TASK BRIEF.
Print the lines from the one containing "2019年全球lng iso罐式集装箱行业地区分布、市场种类及竞争格局分析" through the end of the listing below, exactly as written. Any pictures stay out.

===== SOURCE DATA =====

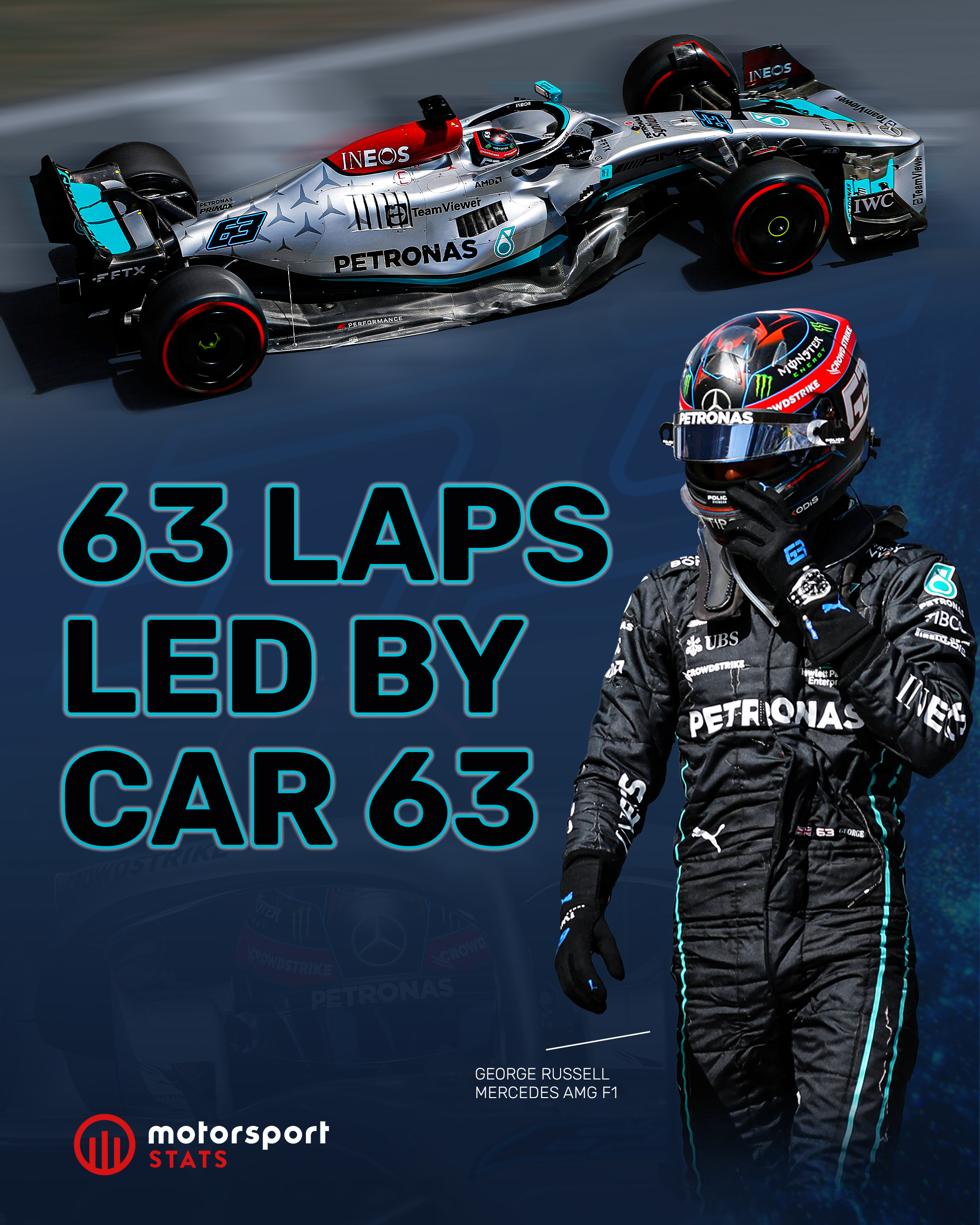 Laps Led F1 2022 Motorsport Stats on X: "George Russell has now led a total of 63 laps in #F1  while driving car #63! 👏 How long will it take him to reach 100 laps led?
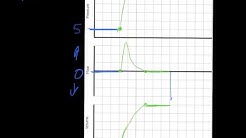 Ventilator Mode & Waveforms Review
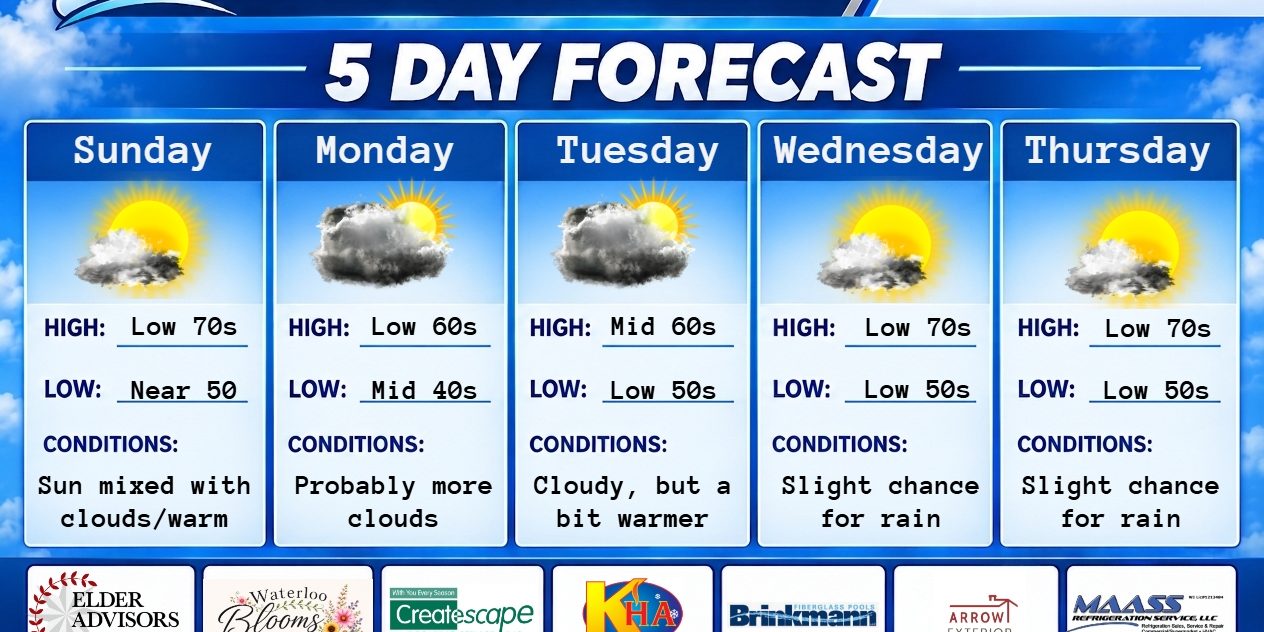 5 day forecast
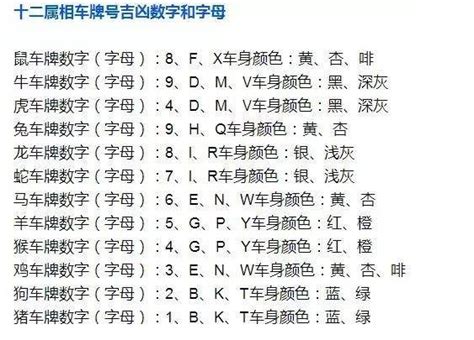 马来西亚车牌号码吉凶试算|车牌号码测吉凶查询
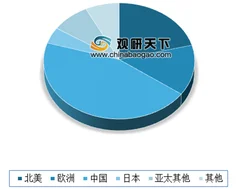 2019年全球lng iso罐式集装箱行业地区分布、市场种类及竞争格局分析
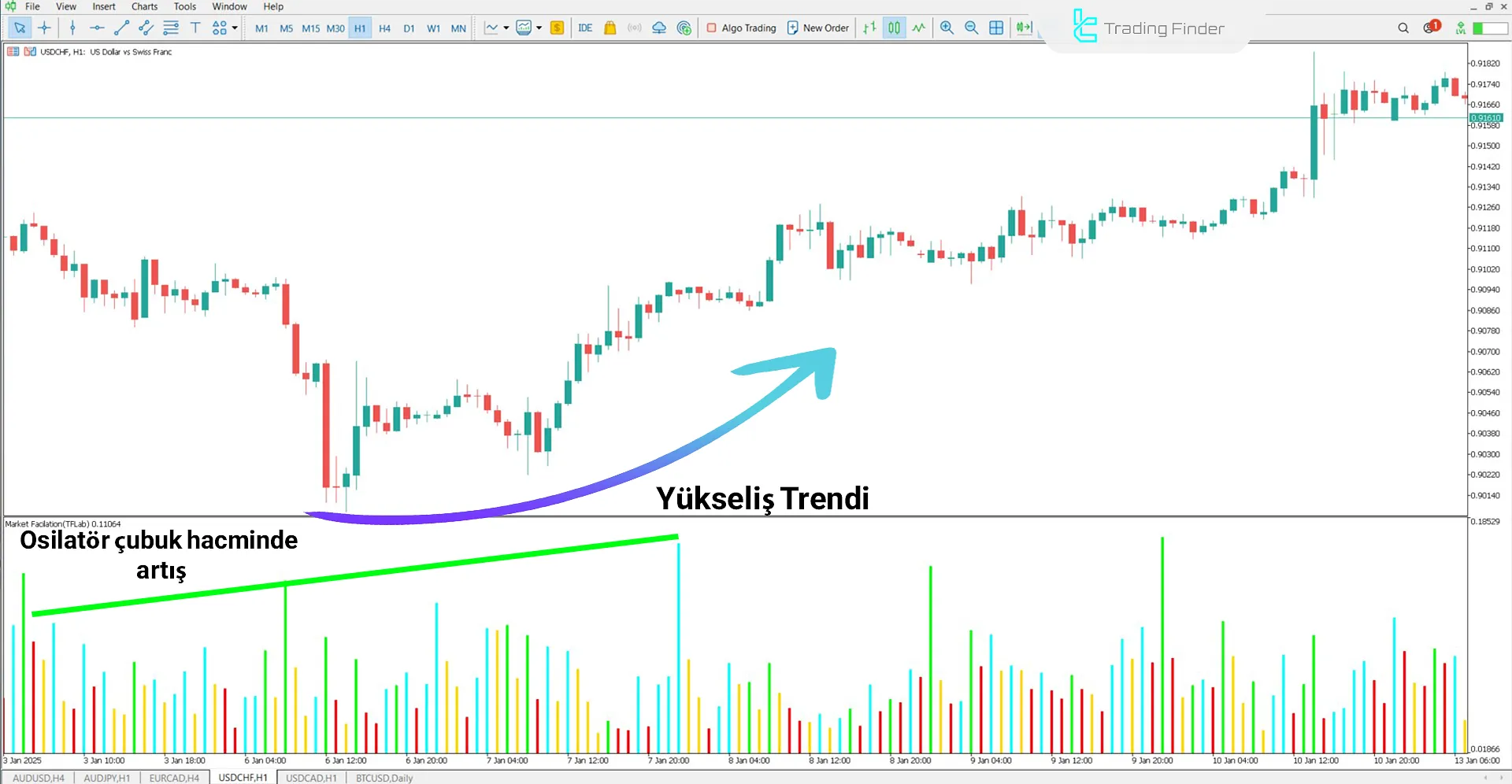 Market Facilitation Index (MFI) Göstergesi MetaTrader 5 için İndir - Ücretsiz 1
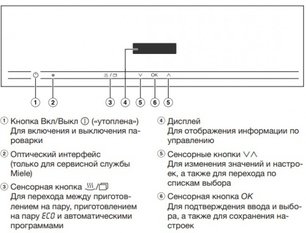 Встраиваемая пароварка Miele DG2840 EDST/CLST фото 4 в Новосибирске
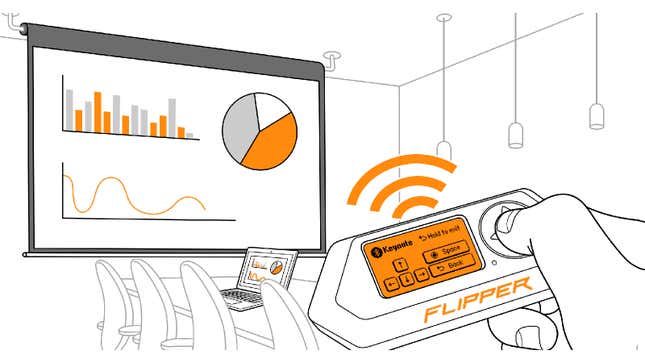 Χρησιμοποιήστε το Flipper Zero στην επόμενη παρουσίασή σας.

=====

REPLY.
 2019年全球lng iso罐式集装箱行业地区分布、市场种类及竞争格局分析
 Market Facilitation Index (MFI) Göstergesi MetaTrader 5 için İndir - Ücretsiz 1
 Встраиваемая пароварка Miele DG2840 EDST/CLST фото 4 в Новосибирске
 Χρησιμοποιήστε το Flipper Zero στην επόμενη παρουσίασή σας.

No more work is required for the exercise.